June 4, 2009 (by Lt. Col. Peter Bilodeau) - Twelve of the Air Force's newest Viper pilots culminate nine months of demanding training and receive their graduation certificates June 6 at Luke Air Force Base.
Members of class 08-IBC seen in class photo on May 28th, 2009 are from left: 1st Lts. Jared Burris, John Difebo, Robert Hilby and Timothy Killham; Capts. William Brown and Aaron Weedman; 1st Lt. Jondavid Hertzel, Capt. Jeffrey Harding, 1st Lt. Tony Generous, Capt. Bill George and 1st Lts. Justin Cleveland and Alex Esson. [USAF photo by SrA. Tracie Forte]
Class 08-IBC from the 309th Fighter Squadron "Wild Ducks" will join the ranks of a select group of aviators fortunate enough to fly the F-16.
They did not achieve this goal on their own; it required the combined efforts of the Ducks instructors, academic instructors from the 56th Training Squadron, aircraft provided by the men and women of the 309th Aircraft Maintenance Unit, and an airfield operated by the 56th Operations Support Squadron. In all, every squadron in every group played some role in helping these future warriors reach this milestone in support of the 56th Fighter Wing mission. Thank you Thunderbolts.
Class 08-IBC initially began training June 20, 2008. After spending a month in academics, they were finally ready to hit the flightline. Unfortunately, due to under manning, their class was suspended while the Ducks put through an instructor pilot upgrade course of nearly 20 aviators. Meanwhile, 08-IBC was farmed out to every fighter squadron on base to help wherever needed.
All of them were able to receive back seat rides on student sorties to get a jump on flying ops in the F-16. They also used their time to do extra simulators each week and keep in the books. Two months later, 08-IBC started day one of academics again. All of them seemed to think the tests were much easier the second time around.

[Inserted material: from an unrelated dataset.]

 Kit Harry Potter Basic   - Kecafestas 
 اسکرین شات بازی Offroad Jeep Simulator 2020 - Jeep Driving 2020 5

While in the training squadron, they learned aircraft systems and emergency procedures. This academic knowledge was put to the test during numerous simulators, where the students demonstrated the ability to apply their classroom knowledge to realistic emergency situations. Once they passed this initial hurdle, they were ready to take their first flight in the F-16.
Following the transition flying phase where they learned the basics of landing, advanced handling, and emergency procedures including engine out landings, the students moved into the air-to-air and air-to-ground phases.
Duck instructors put 08-IBC through the gauntlet, flying over 800 sorties during the duration of their course. The students quickly learned what would be expected of them as operational wingman. The culmination of their training was a large force exercise during which they were tasked with destroying targets while opposed by hostile air and ground forces.
This class is the first of the Ducks to go through the new syllabus which incorporates night systems and the LANTIRN
targeting pod. They are also the last class in the Ducks to fly the block 25
F-16, as the Ducks will be taking control of the 63rd FS
Graduation day signifies the end of initial training for 08-IBC, but not the end of their learning. Once they arrive at their first operational unit, they'll undergo further mission qualification training, normally lasting approximately 90 days. Like many who have gone before them, some of them will soon deploy to places like Afghanistan or Iraq and put their hard-won skills to the test; flying combat sorties over hostile territory. The entire 309th FS wish you all God Speed and Good Killing.